Read the whole story *here.*

While the whole world is looking to progress forward, our great politicians are trying to take our country back to the stone-age. 
Computers dont run on their own, people are needed to operate it. It does not take away people's jobs, it just requires people to be more skilled, so how about promising better education for a change?

With politicians like these, God bless India.


----------



## Kl@w-24 (Apr 14, 2009)

What an idiot.


----------



## DigitalDude (Apr 14, 2009)

*www.opaquelucidity.com/facepalm.jpg

*www.youtube.com/watch?v=qzjbV-yTomY

_


----------



## dheeraj_kumar (Apr 14, 2009)

Lol!!! facepalm sums it up


----------



## Sathish (Apr 14, 2009)

pl send the mulayamji to me....


----------



## mehra.rakesh (Apr 14, 2009)

What more can be expected of parties having lanterns and bullock carts as party symbols ....!!!!!!!! Bloody Dumb****s ....

Jaise UP ka haal kiya waise pure India ko banana chahte ho kyaa ?????


----------



## phreak0ut (Apr 16, 2009)

I'm not much into politics.
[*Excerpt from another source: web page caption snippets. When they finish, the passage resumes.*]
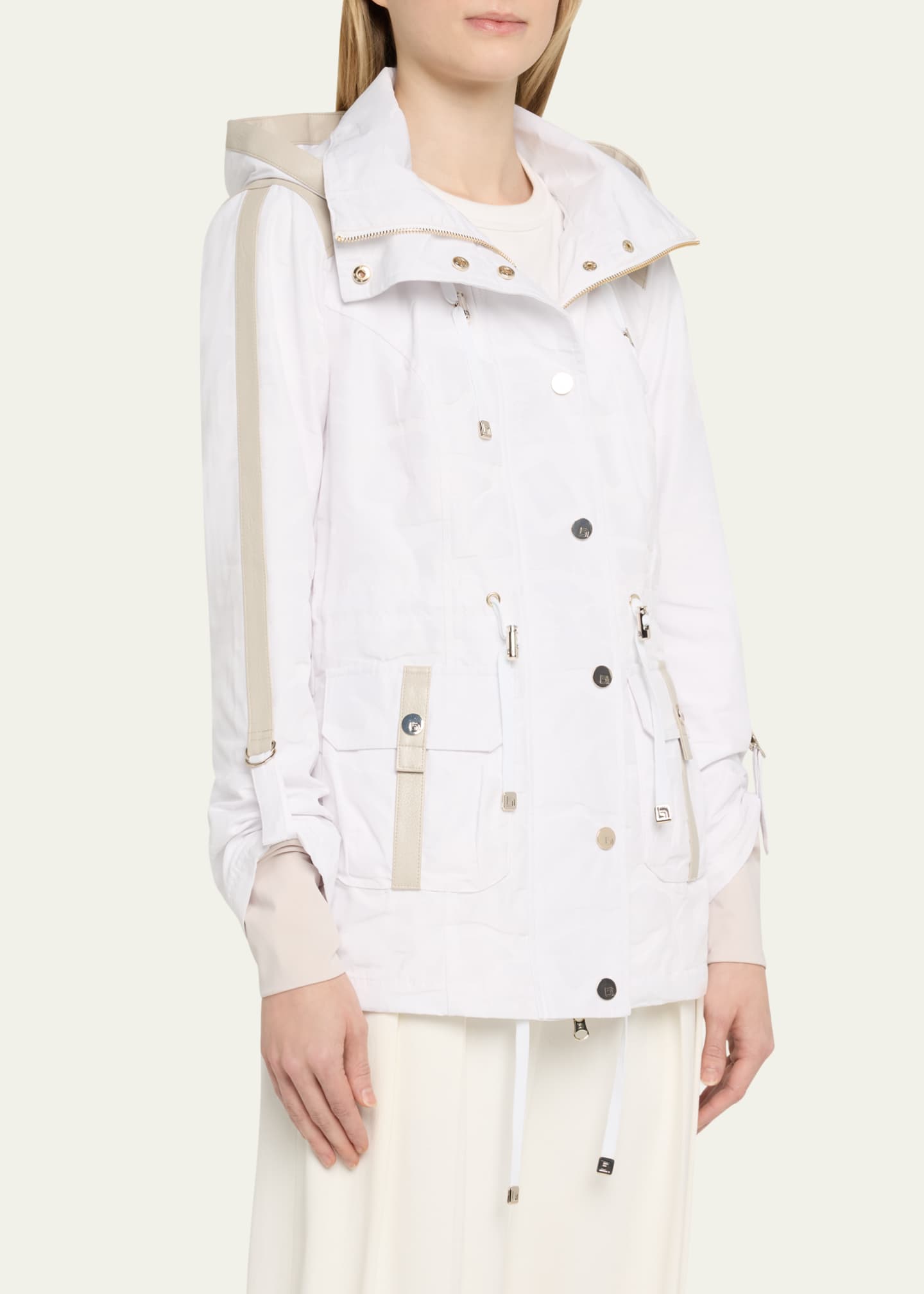 Blanc Noir Camo Sport Anorak Jacket Image 4 of 5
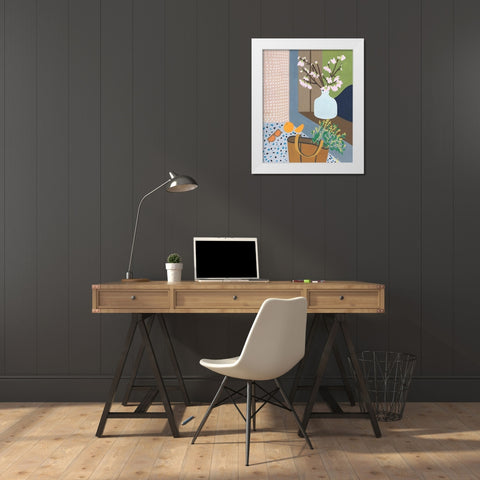 Portrait of Home I White Modern Wood Framed Art Print by Wang, Melissa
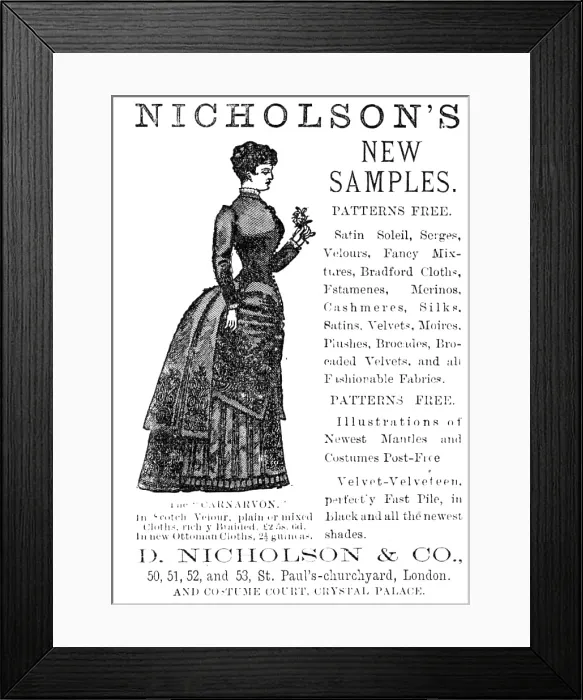 Framed Print : Nicholson's New Samples, 1883. Creator: Unknown. Nicholson's New Samples, 1883. Creator: Unknown Framed Print : Nicholson's New Samples, 1883. Creator: Unknown. Nicholson's New Samples, 1883. Creator: Unknown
Is this Samajwadi party part of any other? Please tell me so that I don't vote these kind of dumb fu(ks!!


----------



## NucleusKore (Apr 16, 2009)

Dumb and dumber


----------



## abhijit_reddevil (Apr 17, 2009)

This is really unbelievable in the 21st century.  Whom should you vote in the elections? Every political party is the same.


----------



## Kiran.dks (Apr 17, 2009)

Bullsh!t. Seems like this guy has taken a timetravel from Stone Age and not understanding where he has landed. Such comments by these politicians should not be given importance.


----------